◆ Recorded data:
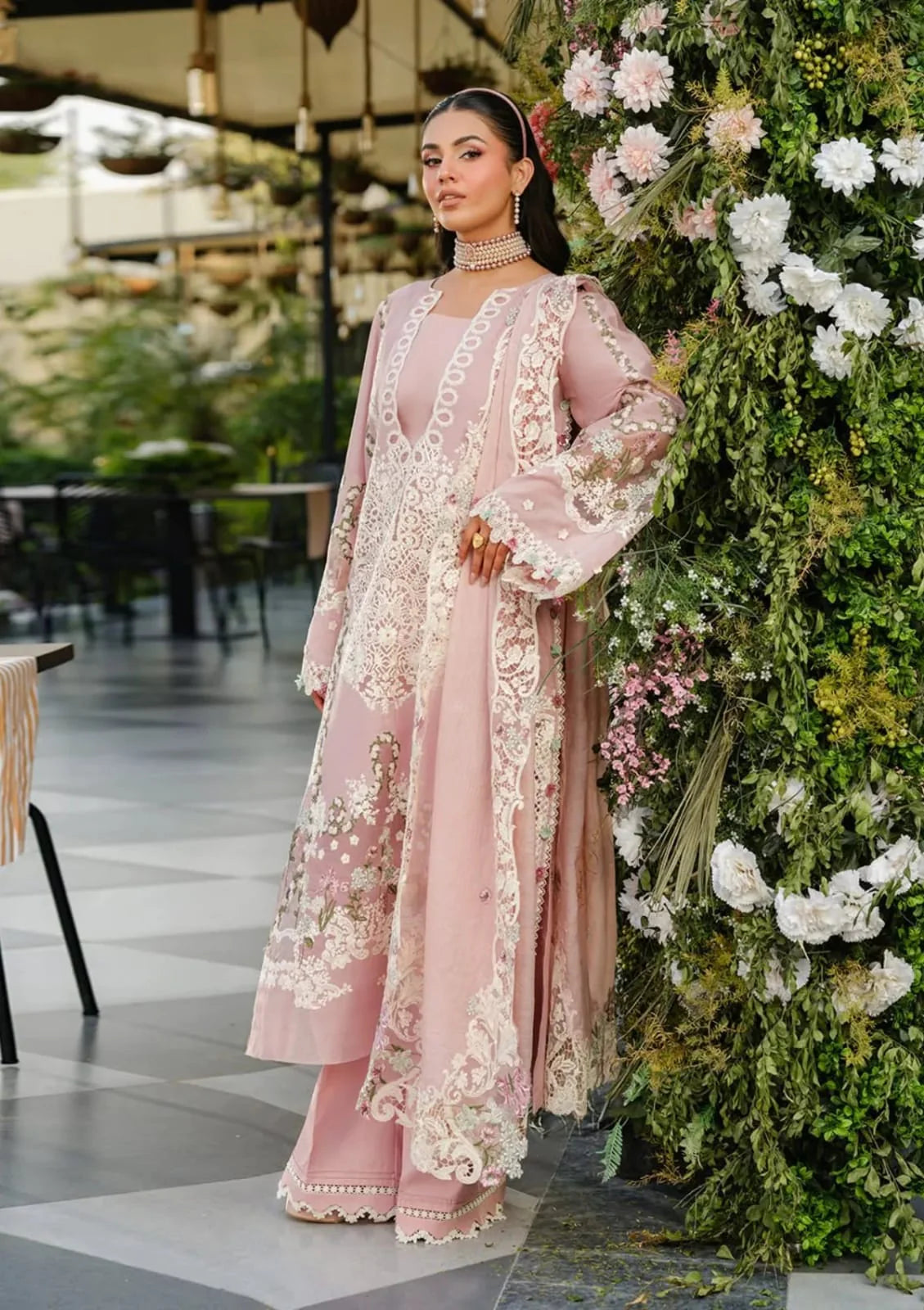 EL-EL2710 Lawn Unstitched Embroidered 3pc Suit With Cotton Net Embroidered Dupatta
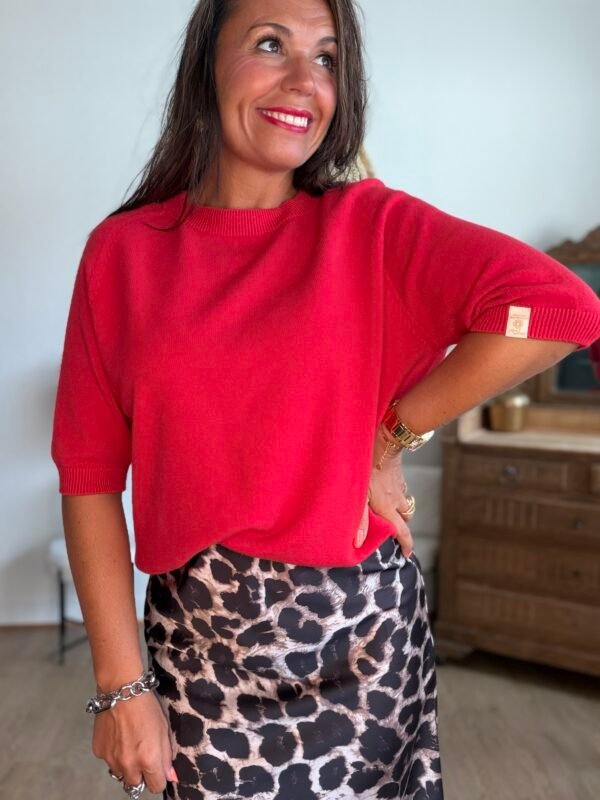 Pull manches 3/4 rouge - Modèle Billie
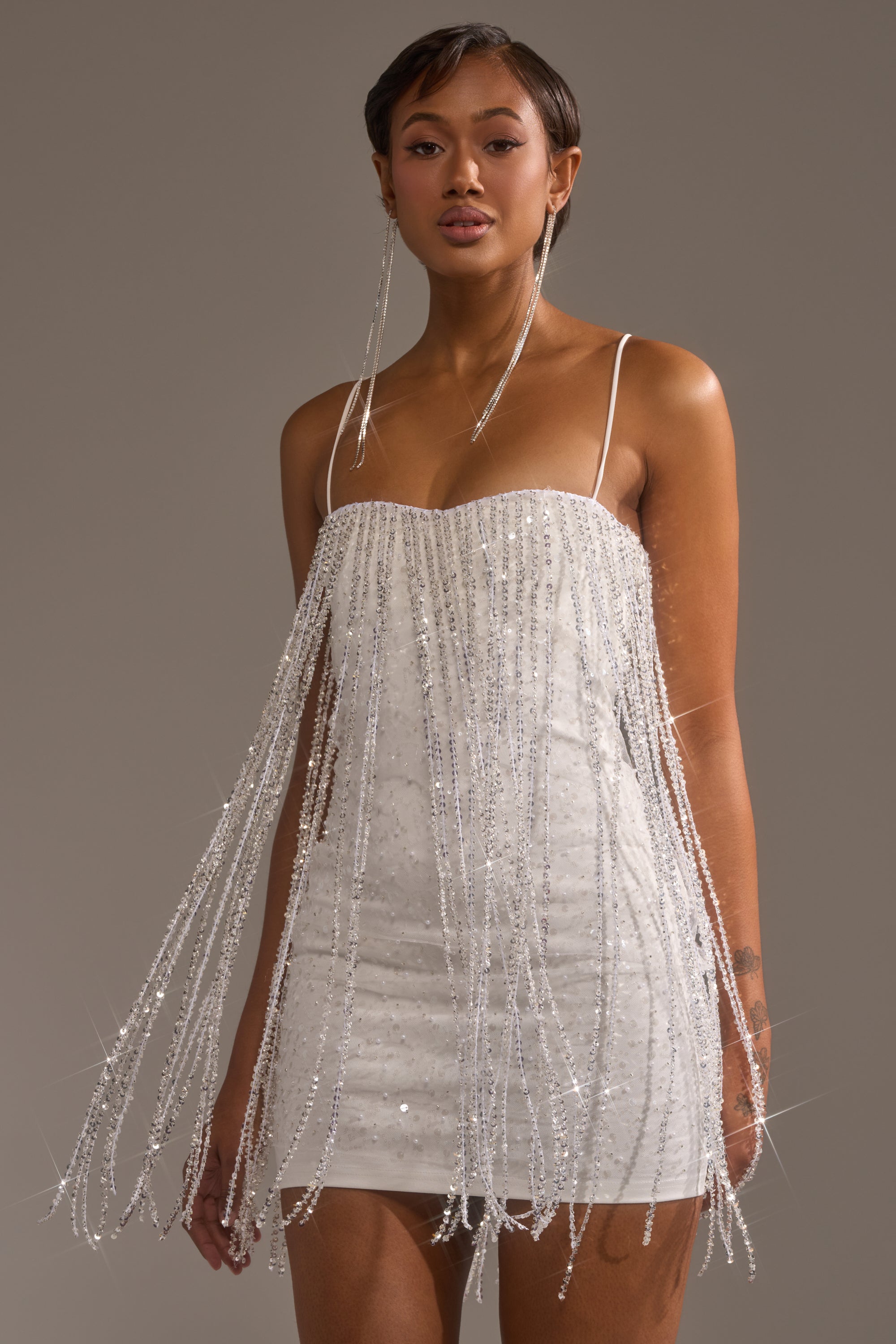 CAME THRU DRIPPIN' FRINGE MINI DRESS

◆ What you need to do:
Extract, word for word, every line from the one containing "Pull manches 3/4 rouge - Modèle Billie" to the end of the data above, both ends included, and leave out the pictures.

◆ Finished task:
 Pull manches 3/4 rouge - Modèle Billie
 CAME THRU DRIPPIN' FRINGE MINI DRESS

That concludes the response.